Saturday, January 1, 2011

happy new year!

1-11-11

Another year is upon us. CRAZY! I love what Erik's aunt posted on my wall a couple months ago. "You will hold [Brody] again soon. Time has a way of going fast. I think the Lord sometimes does that for a reason. That way we can see our loved ones again and know that the ones we left behind will be joining us again before long."

I love that! Thanks, Aunt Darlene!

Today is also Brian's birthday! Happy 32nd, big brother!
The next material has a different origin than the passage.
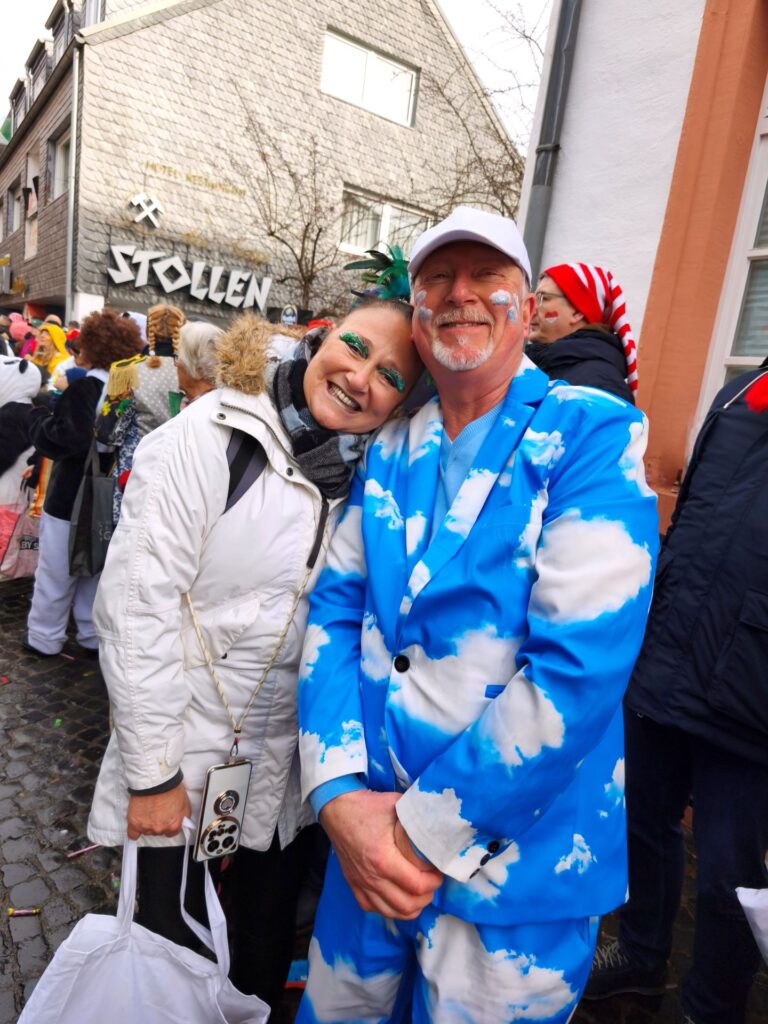 Für alle Fälle: Jede Menge blauen Himmel, zumindest auf dem Anzug, hatte dieser lustig kostümierte Jeck am Wegesrand mitgebracht. Foto: Kerstin Rottland/pp/Agentur ProfiPress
Not sure if they celebrate earth birthdays in heaven, but we are thinking of you with love. Fun memory: last night my dad played an audio clip of me when I was about 2 years old and he was asking me to say a bunch of different words. I used to call my brother "Bah-gie" instead of Brian. Not sure why... Brian seems much easier to say!

So on this tape (which Dad turned into an mp3) Dad would say to me, "Say morning!" And I'd say "Morning!" It went something like this:

Say Brian "Bri... Br... "Bah- gie"
No, say Brian "Bri... Br... "Bah-gie"
No, Brian "Nooooo...(I was very frustrated!) Bah-gie."
"Martha" (my mom's name) "Mar... Mar... Mommy."
"Morning" "Morning!"
"Night-night" "Night-night!"
"Brian" "Bah-gie."

My Uncle Craig took up calling Brian "Bahgie" for years after I learned how to say Brian. Brian didn't like it very much, but grew to tolerate it. Heh heh... he can't stop me right now, so Happy Birthday, Bahgie!

Ahh, Brian was such a wonderful brother! So glad he's my family. Yay!

Oh another cool note about today ... I just found out my friends, Noah and Shamim Buck, are celebrating 11 years of being together today. They met on 1-11-00 at the turn of the millennium and are celebrating 11 years together on 1-1-11. Love it!

I had a lot of different thoughts run through my head today about what I should post regarding the New Year. As I was reading my Bible, I came to a section that I thought would be perfect. No matter how much adversity you face, always remember this:

"Can anything ever separate us from Christ’s love? Does it mean he no longer loves us if we have trouble or calamity, or are persecuted, or hungry, or destitute, or in danger, or threatened with death? (As the Scriptures say, 'For your sake we are killed every day; we are being slaughtered like sheep.') No, despite all these things, overwhelming victory is ours through Christ, who loved us.

"And I am convinced that nothing can ever separate us from God’s love. Neither death nor life, neither angels nor demons, neither our fears for today nor our worries about tomorrow—not even the powers of hell can separate us from God’s love. No power in the sky above or in the earth below—indeed, nothing in all creation will ever be able to separate us from the love of God that is revealed in Christ Jesus our Lord." (Romans 8:35-39, NLT)

Happy New Year and always remember God loves each one of us!